Yesterday afternoon I saw a Dr. Young. She's part of the team of doctors with Dr. Clark and Dr. Keefer. Things are happening now.
1. They did another CT scan on me yesterday and measured me for additional radiation treatments that will include the 8th rib right posterior and the pelvic. They will start the new radiation treatments on Wednesday.
2. The Chemo therapy company called me on Friday and they are shipping my Revlimid (chemo oral medication) to the house Tuesday by special courier. That medication is supposed to arrive by 8:30 AM today. I will then call the oncologists office to get dosing procedures. Nothing has ever made me sick, but I am told that if any medication will make one sick, it will be this one.

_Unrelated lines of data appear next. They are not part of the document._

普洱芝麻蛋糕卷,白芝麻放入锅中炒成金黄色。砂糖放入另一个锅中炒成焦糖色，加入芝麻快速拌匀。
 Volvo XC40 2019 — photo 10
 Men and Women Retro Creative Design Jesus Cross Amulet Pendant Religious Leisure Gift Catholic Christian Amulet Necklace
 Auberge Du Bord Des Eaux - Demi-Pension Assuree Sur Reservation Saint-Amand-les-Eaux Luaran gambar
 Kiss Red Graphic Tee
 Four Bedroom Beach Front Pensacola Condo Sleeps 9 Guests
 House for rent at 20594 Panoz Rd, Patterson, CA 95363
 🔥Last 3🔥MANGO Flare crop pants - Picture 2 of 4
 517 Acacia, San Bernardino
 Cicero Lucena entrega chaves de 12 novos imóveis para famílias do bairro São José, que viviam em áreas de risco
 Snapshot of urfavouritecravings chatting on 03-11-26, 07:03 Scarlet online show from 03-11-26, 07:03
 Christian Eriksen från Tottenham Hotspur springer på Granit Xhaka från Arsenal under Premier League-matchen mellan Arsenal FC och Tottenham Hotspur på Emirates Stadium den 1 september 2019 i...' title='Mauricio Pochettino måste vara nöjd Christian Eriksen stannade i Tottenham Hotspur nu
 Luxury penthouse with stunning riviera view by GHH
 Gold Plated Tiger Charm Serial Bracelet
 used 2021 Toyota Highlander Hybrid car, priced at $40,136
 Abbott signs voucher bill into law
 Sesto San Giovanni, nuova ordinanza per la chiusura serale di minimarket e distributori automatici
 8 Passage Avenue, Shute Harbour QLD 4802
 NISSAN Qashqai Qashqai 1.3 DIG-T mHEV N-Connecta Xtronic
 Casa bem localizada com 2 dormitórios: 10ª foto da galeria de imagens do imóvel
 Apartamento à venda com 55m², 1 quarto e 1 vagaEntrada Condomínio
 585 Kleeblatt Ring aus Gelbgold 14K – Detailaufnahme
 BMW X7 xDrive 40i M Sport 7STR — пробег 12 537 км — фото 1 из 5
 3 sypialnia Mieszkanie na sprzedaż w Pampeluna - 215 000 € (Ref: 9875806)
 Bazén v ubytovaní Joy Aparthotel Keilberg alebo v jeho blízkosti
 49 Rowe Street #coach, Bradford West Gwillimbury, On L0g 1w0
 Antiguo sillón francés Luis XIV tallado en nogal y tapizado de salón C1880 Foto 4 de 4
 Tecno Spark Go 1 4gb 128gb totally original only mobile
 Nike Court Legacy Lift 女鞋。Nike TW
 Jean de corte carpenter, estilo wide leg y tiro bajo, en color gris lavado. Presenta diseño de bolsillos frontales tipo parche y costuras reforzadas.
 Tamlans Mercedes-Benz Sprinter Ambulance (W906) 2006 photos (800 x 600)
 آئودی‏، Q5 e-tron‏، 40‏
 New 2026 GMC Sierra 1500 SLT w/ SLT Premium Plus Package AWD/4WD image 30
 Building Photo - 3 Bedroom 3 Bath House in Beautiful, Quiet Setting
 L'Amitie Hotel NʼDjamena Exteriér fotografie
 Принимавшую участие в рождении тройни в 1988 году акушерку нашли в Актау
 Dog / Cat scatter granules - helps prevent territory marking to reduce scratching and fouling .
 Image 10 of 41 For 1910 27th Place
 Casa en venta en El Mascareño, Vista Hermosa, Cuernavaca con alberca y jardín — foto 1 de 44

3. I took my 3rd steroid pack on Saturday AM. I've mentioned that the steroids tend to make me jittery and I get mouthy with Debbie. But she understands and although she doesn't let me get away with murder, she is very sweet about it all. Have I mentioned lately how much I love Debbie and how much I appreciate her willingness to stand by me in these really trying times.
The Doctor seems to think I'm right on schedule. She says everything looks good and she's proud of my recovery to date.
Before I stop today, I need to add two personal notes. The first is of concern for any and everyone who reads this blog site. If you engage in self destructive behaviors, please consider a lifestyle change. I have been obese most all of my life, and although I am told that nothing I did or could not have done could have caused or side-stepped this cancer, I really sort of believe maybe I could have done some things to lessen the possibility. However, that is neither here, nor there. But, my concern right here, right now today is for those of you who may do things that have certainly been linked to cancer in one form or another, please, please consider alternatives.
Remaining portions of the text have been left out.